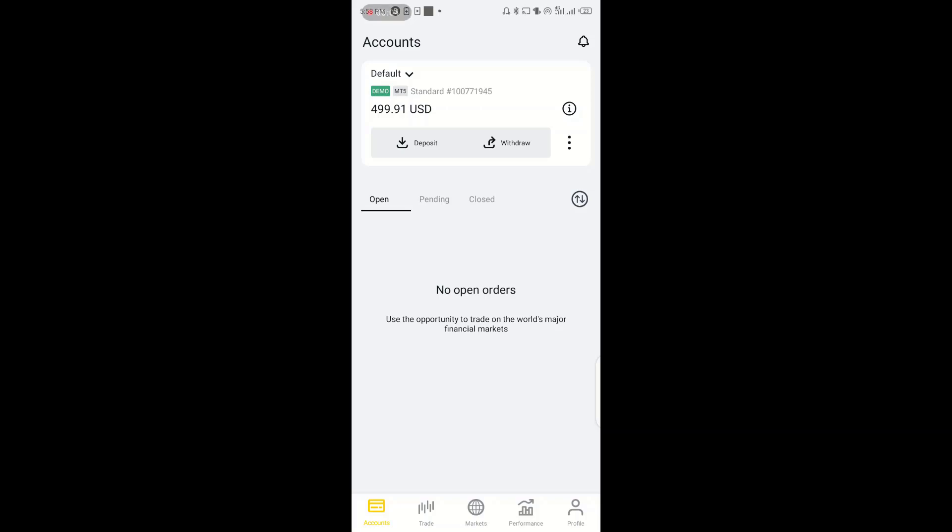So in this section, I'll be explaining to you how you can trade in Exynet app using our signals. So the first thing to do is to open your Exynet app.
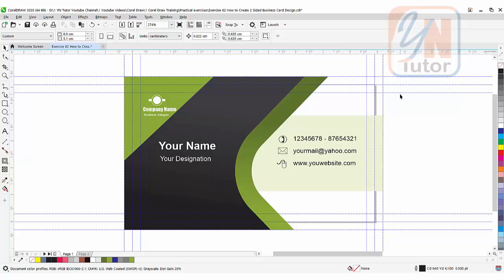So this is how we set our bleed limits, our actual size guideline, and guideline for the text.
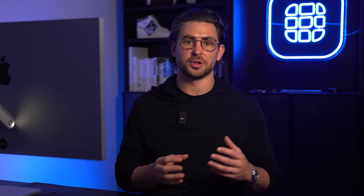Another small change you might notice here is that the rating field is no longer a dropdown, saving you a click.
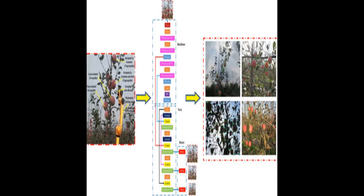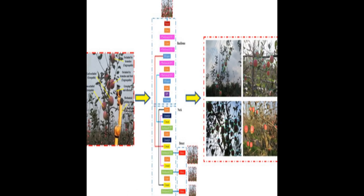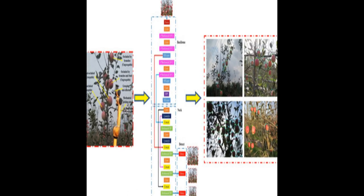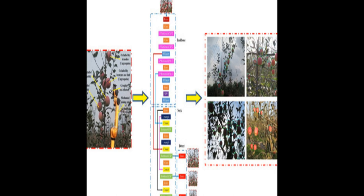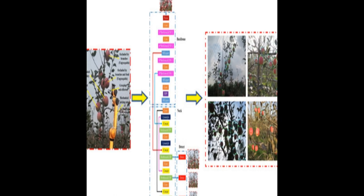The Apple Target Recognition Algorithm is a core technology of an apple-picking robot, but most existing detection algorithms cannot distinguish between occluded apples.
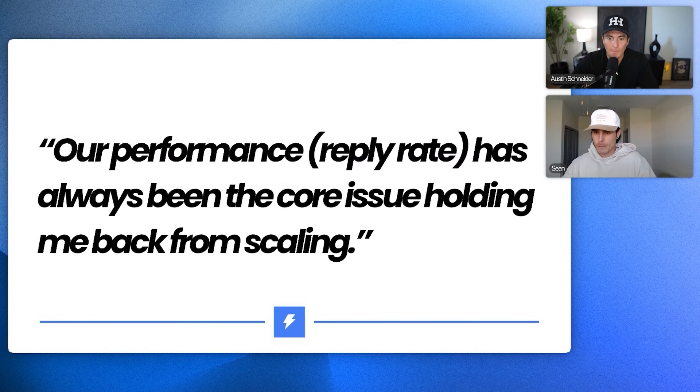You said that the performance reply rate has always been the core issue holding it back from scaling. Yeah. Yeah. Any other context on this? Yeah. So we'll get some replies, right? But it's more of a roller coaster and they're not always positive. It's just hard to balance like seeing reply rates kind of go up and down and then want to scale when there's no consistency there.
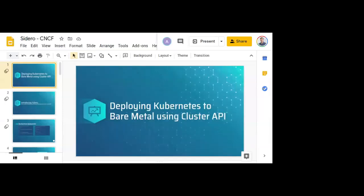We are finally going to get started. Apologies to everyone for the delay — we were having some technical difficulties, but everything seems to be in working order now. Welcome to today's CNCF webinar: Deploying Kubernetes to Bare Metal Using Cluster API.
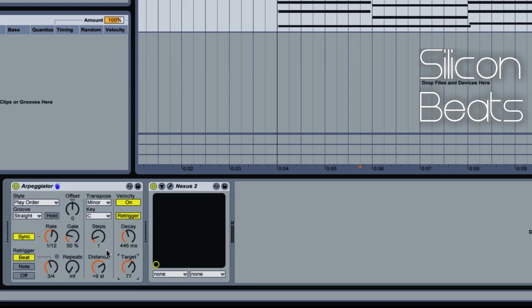As you can see, we can create some really neat sequences using the arpeggiator. Let's go ahead and experiment with these settings to get used to the functions — it'll come rather quickly. This has been an inside look at Ableton's Arpeggiator. Check us out at SiliconBeats.com.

◆ **EXERCISE OBJECTIVE**
The copy should hold exactly the lines above from the one with "Another small change" through the one with "The Apple Target", both ends counted, and no pictures at all.

◆ **RESULT BELOW**
Another small change you might notice here is that the rating field is no longer a dropdown, saving you a click.
The Apple Target Recognition Algorithm is a core technology of an apple-picking robot, but most existing detection algorithms cannot distinguish between occluded apples.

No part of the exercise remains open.